Image-caption web data
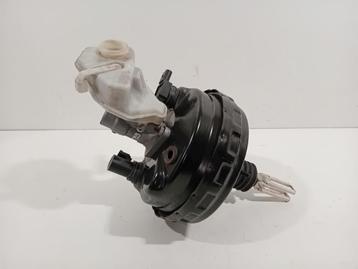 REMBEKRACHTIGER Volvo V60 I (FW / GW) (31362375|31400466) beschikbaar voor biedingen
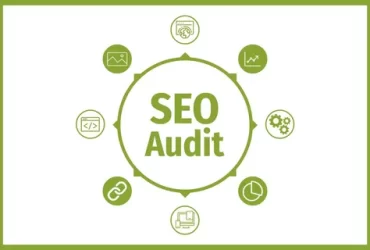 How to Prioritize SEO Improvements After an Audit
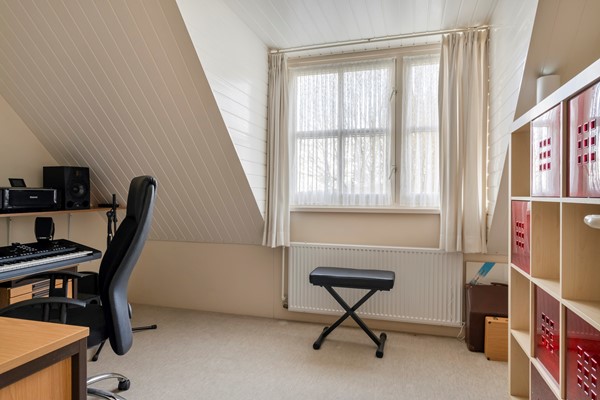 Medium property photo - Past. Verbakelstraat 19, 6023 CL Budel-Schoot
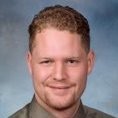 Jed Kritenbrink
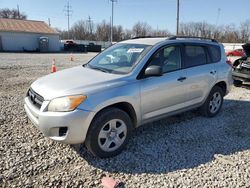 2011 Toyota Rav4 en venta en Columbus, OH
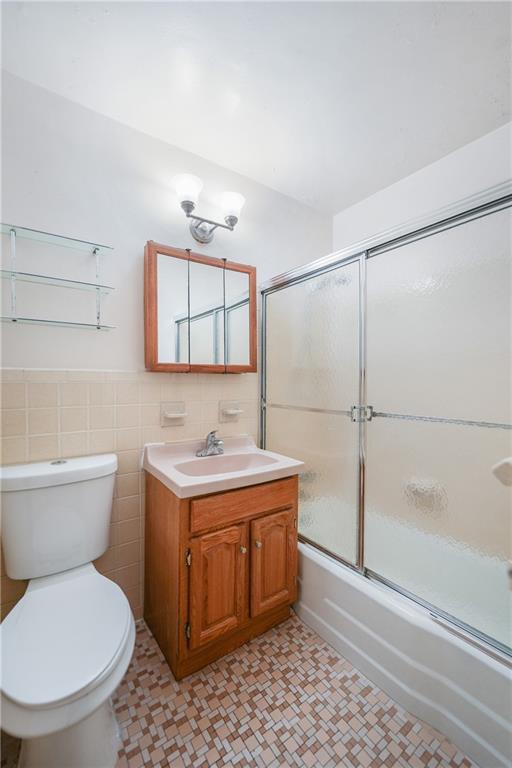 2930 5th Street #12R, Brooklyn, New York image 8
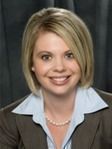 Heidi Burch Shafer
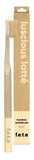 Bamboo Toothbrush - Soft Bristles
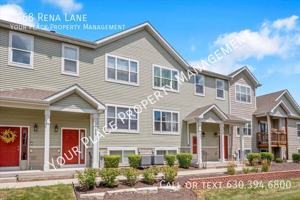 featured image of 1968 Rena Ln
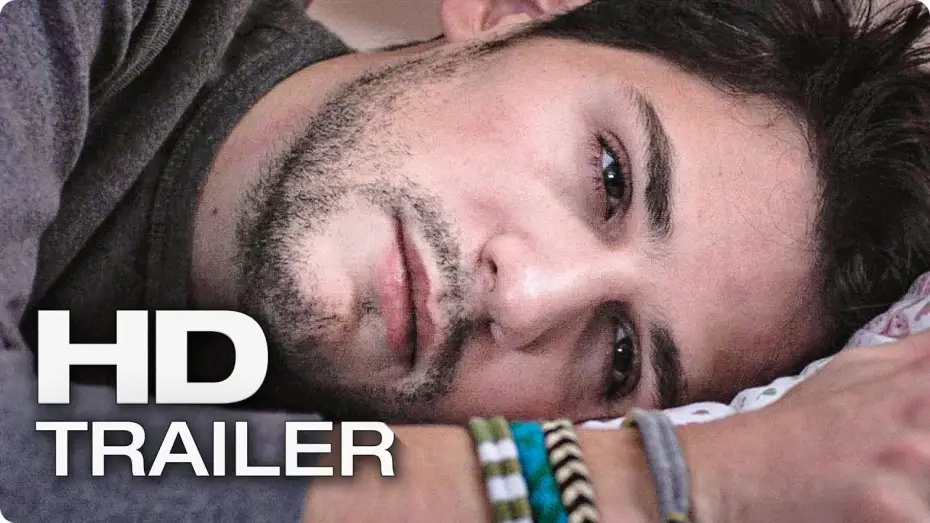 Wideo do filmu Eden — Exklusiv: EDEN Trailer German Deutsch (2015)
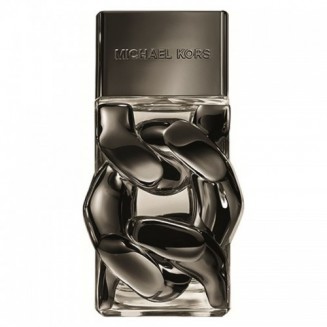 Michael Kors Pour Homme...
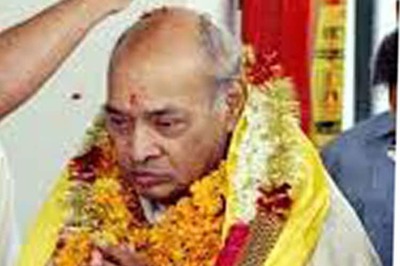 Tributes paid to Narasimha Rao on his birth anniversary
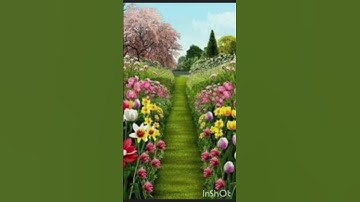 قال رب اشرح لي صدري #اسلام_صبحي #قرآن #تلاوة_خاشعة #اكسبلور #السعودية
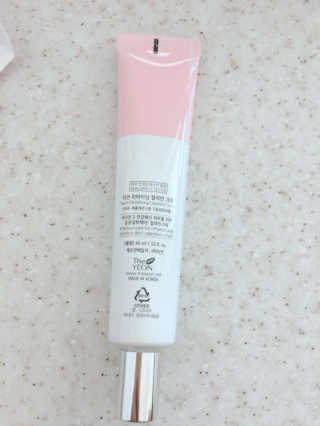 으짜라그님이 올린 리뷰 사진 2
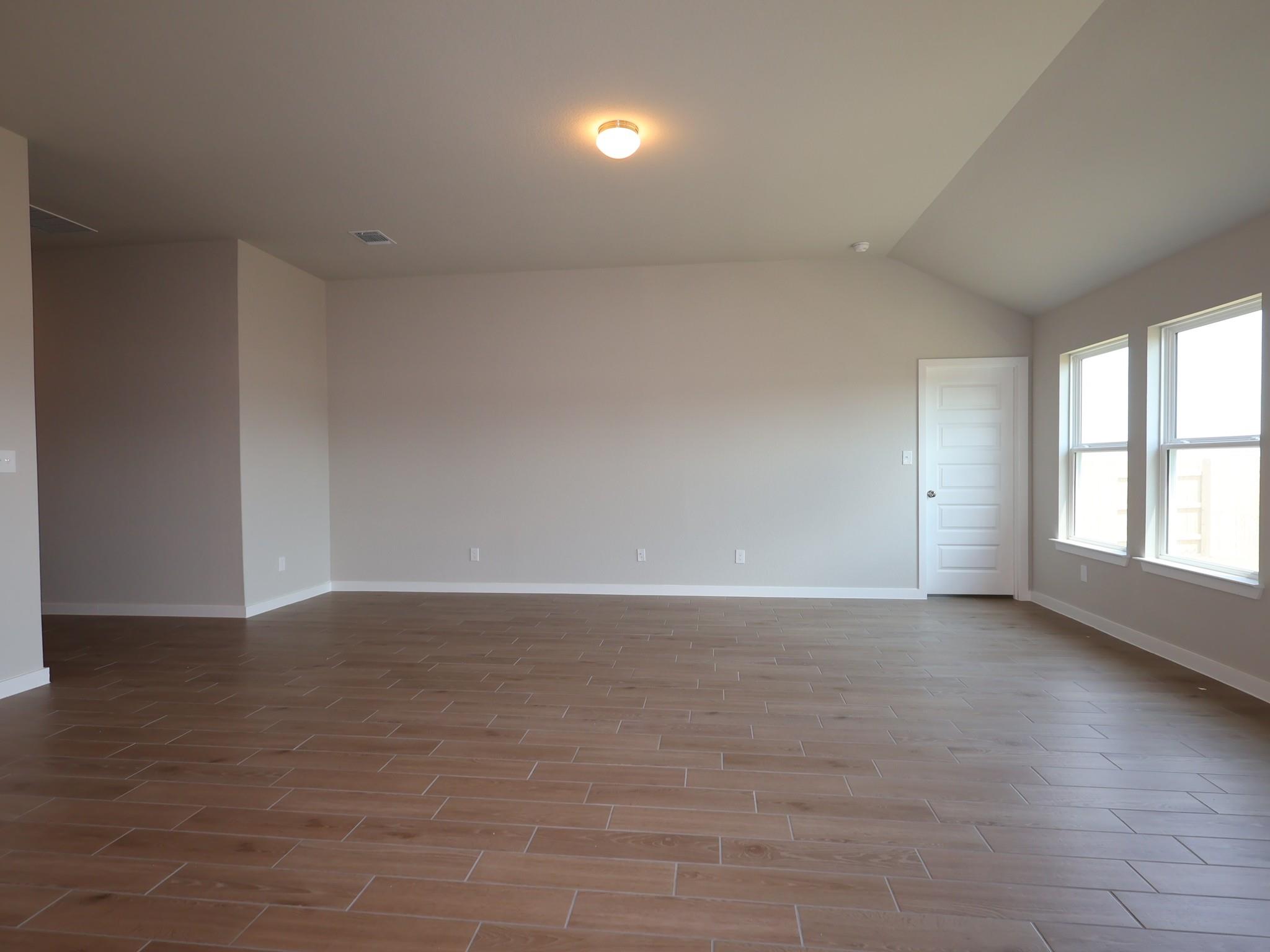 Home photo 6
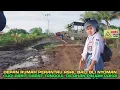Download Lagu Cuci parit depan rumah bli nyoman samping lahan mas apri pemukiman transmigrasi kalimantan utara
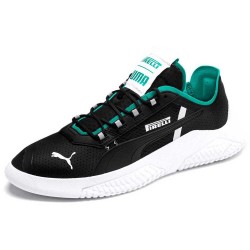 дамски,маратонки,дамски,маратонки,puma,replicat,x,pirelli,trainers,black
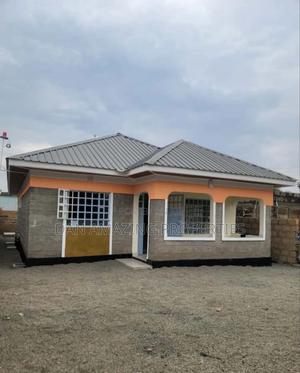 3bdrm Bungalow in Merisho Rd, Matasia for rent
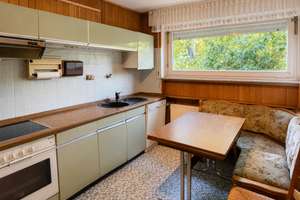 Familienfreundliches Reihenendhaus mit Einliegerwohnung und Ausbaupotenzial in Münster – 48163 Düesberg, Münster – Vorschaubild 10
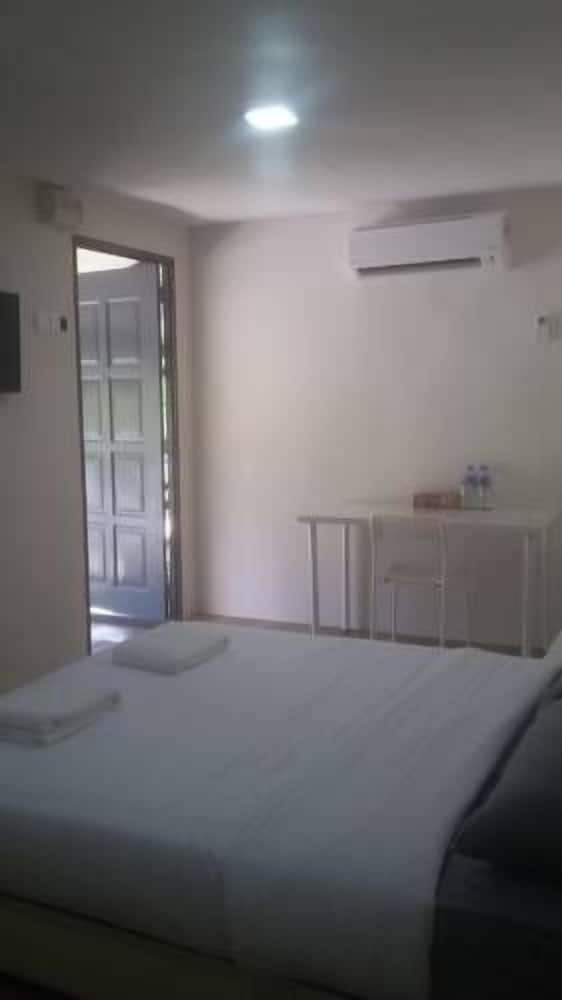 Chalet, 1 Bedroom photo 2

### Task to carry out
Please give back exactly the lines from the first line of the records above through the line containing "featured image of 1968 Rena Ln", only those and both included, with the pictures removed.

### Exercise answer
 REMBEKRACHTIGER Volvo V60 I (FW / GW) (31362375|31400466) beschikbaar voor biedingen
 How to Prioritize SEO Improvements After an Audit
 Medium property photo - Past. Verbakelstraat 19, 6023 CL Budel-Schoot
 Jed Kritenbrink
 2011 Toyota Rav4 en venta en Columbus, OH
 2930 5th Street #12R, Brooklyn, New York image 8
 Heidi Burch Shafer
 Bamboo Toothbrush - Soft Bristles
 featured image of 1968 Rena Ln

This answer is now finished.